Start of Block

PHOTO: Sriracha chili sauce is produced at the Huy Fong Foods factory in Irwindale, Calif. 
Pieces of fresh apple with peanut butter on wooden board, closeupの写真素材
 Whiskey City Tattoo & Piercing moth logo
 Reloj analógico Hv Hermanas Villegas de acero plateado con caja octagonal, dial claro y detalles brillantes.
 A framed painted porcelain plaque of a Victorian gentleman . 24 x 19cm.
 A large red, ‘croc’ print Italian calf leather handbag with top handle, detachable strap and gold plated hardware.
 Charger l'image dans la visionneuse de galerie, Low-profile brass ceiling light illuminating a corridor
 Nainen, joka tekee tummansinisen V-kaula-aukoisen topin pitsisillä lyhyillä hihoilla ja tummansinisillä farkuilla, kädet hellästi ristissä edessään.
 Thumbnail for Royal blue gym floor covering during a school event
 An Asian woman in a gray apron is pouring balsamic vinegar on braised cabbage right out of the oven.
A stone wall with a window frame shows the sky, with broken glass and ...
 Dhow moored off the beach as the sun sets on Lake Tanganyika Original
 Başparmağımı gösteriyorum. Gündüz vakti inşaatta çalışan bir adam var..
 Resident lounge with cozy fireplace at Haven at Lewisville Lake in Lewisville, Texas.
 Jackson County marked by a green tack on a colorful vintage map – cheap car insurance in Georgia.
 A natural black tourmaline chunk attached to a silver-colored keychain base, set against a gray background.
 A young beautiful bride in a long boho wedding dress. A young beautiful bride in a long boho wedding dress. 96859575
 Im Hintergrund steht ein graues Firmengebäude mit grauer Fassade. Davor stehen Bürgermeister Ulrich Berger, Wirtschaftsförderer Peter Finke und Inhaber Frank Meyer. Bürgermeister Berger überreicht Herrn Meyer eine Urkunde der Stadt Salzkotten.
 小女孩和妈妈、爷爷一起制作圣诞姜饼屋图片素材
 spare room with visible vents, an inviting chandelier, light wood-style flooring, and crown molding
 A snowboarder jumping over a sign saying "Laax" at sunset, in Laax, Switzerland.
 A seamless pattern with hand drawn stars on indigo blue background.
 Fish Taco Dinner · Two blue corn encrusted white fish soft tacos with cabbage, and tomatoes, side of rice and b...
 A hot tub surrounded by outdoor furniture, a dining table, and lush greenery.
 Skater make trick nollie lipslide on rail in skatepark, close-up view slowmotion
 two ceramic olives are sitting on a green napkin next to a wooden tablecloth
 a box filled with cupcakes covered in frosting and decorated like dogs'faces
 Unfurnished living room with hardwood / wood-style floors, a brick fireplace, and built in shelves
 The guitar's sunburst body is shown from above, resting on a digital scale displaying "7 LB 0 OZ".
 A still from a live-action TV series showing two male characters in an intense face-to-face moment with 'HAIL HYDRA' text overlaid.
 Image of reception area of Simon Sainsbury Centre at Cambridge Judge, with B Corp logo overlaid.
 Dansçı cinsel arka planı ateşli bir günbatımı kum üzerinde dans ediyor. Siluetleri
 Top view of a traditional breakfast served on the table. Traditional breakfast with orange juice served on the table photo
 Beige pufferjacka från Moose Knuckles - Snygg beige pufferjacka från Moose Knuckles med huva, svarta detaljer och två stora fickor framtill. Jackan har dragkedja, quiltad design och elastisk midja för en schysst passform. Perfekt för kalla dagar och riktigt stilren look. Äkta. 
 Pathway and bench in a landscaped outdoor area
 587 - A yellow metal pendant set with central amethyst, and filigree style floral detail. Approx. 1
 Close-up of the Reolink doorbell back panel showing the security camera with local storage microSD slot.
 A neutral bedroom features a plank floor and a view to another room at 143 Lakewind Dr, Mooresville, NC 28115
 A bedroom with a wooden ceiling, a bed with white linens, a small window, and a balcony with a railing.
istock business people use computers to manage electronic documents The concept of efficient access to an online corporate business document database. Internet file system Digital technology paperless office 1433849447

End of Block

§ **WORK TO COMPLETE**
Starting at the line that has "The guitar's sunburst" in the records above, restate word for word every line until the one that has "Image of reception", and include that one as well.

§ **OUTPUT**
 The guitar's sunburst body is shown from above, resting on a digital scale displaying "7 LB 0 OZ".
 A still from a live-action TV series showing two male characters in an intense face-to-face moment with 'HAIL HYDRA' text overlaid.
 Image of reception area of Simon Sainsbury Centre at Cambridge Judge, with B Corp logo overlaid.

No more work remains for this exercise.